Available Configuration:

Enable backup encryption (recommended for remote storage):

pgbackrest_method: minio
pgbackrest_repo:
  minio:
    type: s3
    s3_endpoint: sss.pigsty
    s3_bucket: pgsql
    s3_key: pgbackrest
    s3_key_secret: S3User.Backup
    cipher_type: aes-256-cbc
    cipher_pass: 'YourSecureBackupPassword!'  # Must modify!
    retention_full_type: time
    retention_full: 14

Transparent Data Encryption (TDE)

PostgreSQL community edition doesn’t support native TDE, but storage encryption can be implemented via:

• Filesystem-level encryption: Use LUKS/dm-crypt to encrypt storage volumes
• pgsodium extension: Supports column-level encryption

# Enable pgsodium column-level encryption
pg_libs: 'pgsodium, pg_stat_statements, auto_explain'

# Custom encryption key (64-bit hex)
pgsodium_key: 'a1b2c3d4e5f6...'  # Or use external key management script

Data Integrity Verification

Default Configuration:

• Data checksums enabled by default, can detect storage layer data corruption
• crit.yml template enforces data checksums
• Supports pg_rewind for failure recovery

pg_checksum: true  # Strongly recommend keeping enabled

Security Auditing

MLPS Requirement: Security auditing should be enabled, covering each user, auditing important user behaviors and security events.

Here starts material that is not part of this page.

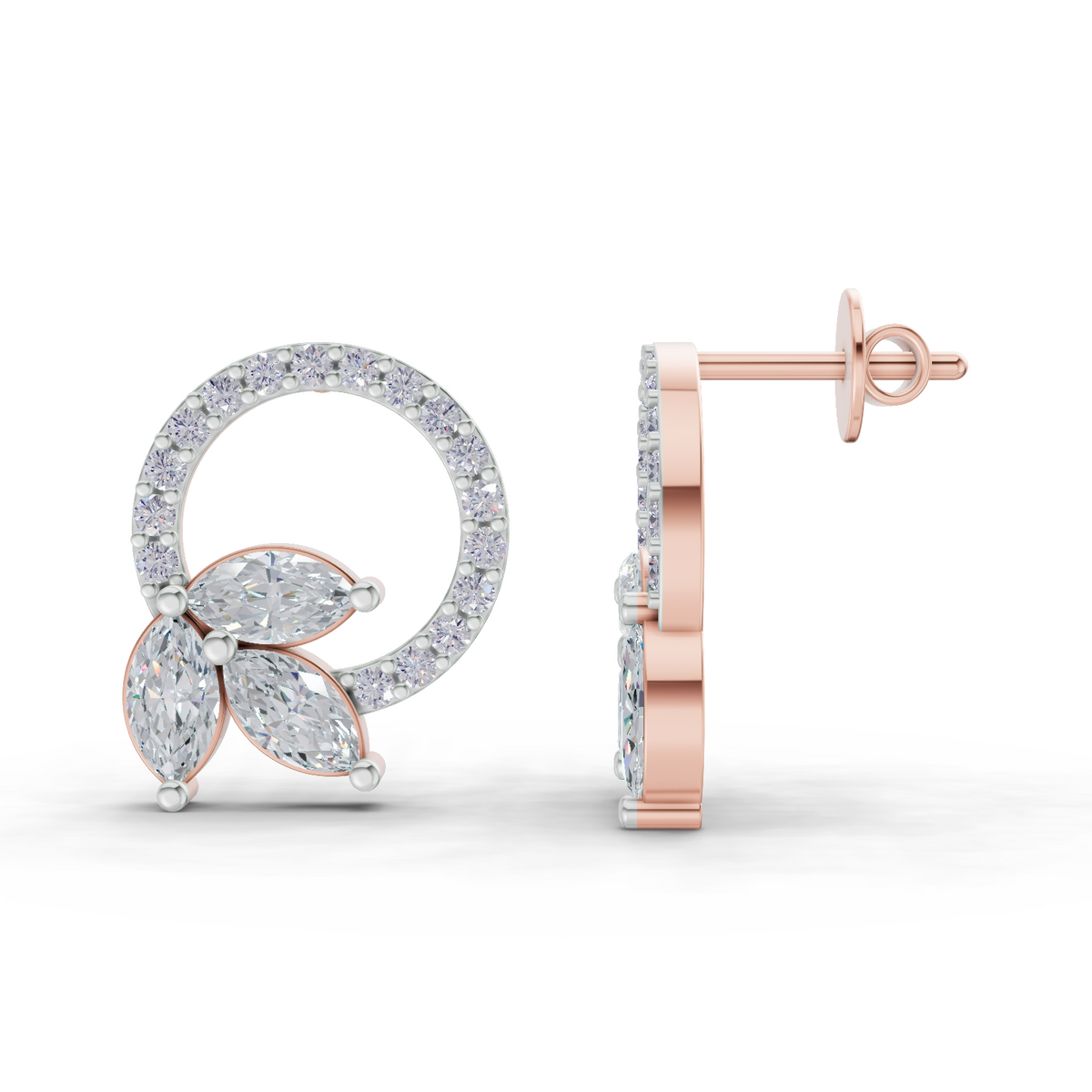 Gleaming Marquise Leaf Diamond Earrings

SOC 2: CC7.2 - System monitoring and logging; CC7.3 - Security event detection.

Database Audit Logging

Default Configuration:

# oltp.yml template audit configuration
log_destination: csvlog
logging_collector: 'on'
log_directory: /pg/log/postgres
log_filename: 'postgresql-%a.log'    # Rotate by weekday
log_file_mode: '0640'                # Restrict log file permissions
log_rotation_age: '1d'
log_truncate_on_rotation: 'on'
log_checkpoints: 'on'
log_lock_waits: 'on'
log_replication_commands: 'on'
log_statement: ddl                   # Record all DDL
log_min_duration_statement: 100      # Record slow queries >100ms

Available Configuration (crit.yml critical business template):

# crit.yml provides more comprehensive auditing
log_connections: 'receipt,authentication,authorization'  # PG18 full connection audit
log_disconnections: 'on'             # Record disconnections
log_lock_failures: 'on'              # Record lock failures (PG18)
track_activity_query_size: 32768     # Full query recording

Enable pgaudit extension for fine-grained auditing:

pg_libs: 'pgaudit, pg_stat_statements, auto_explain'
pg_parameters:
  pgaudit.log: 'all'
  pgaudit.log_catalog: 'on'
  pgaudit.log_relation: 'on'

Performance and Execution Auditing

Default Configuration:

pg_libs: 'pg_stat_statements, auto_explain'

# auto_explain configuration
auto_explain.log_min_duration: 1s    # Record query plans >1s
auto_explain.log_analyze: 'on'
auto_explain.log_verbose: 'on'
auto_explain.log_timing: 'on'

# pg_stat_statements configuration
pg_stat_statements.max: 10000
pg_stat_statements.track: all

Centralized Log Management

Default Configuration:

• PostgreSQL logs: /pg/log/postgres/
• Patroni logs: /pg/log/patroni/
• PgBouncer logs: /pg/log/pgbouncer/
• pgBackRest logs: /pg/log/pgbackrest/

Available Configuration:

Send logs to VictoriaLogs for centralized storage via Vector:

# Logs automatically collected to VictoriaLogs
vlogs_enabled: true
vlogs_port: 9428
vlogs_options: >-
  -retentionPeriod=15d
  -retention.maxDiskSpaceUsageBytes=50GiB

Network Security

MLPS Requirement: Access control devices should be deployed at network boundaries to implement access control for data flows entering and leaving the network.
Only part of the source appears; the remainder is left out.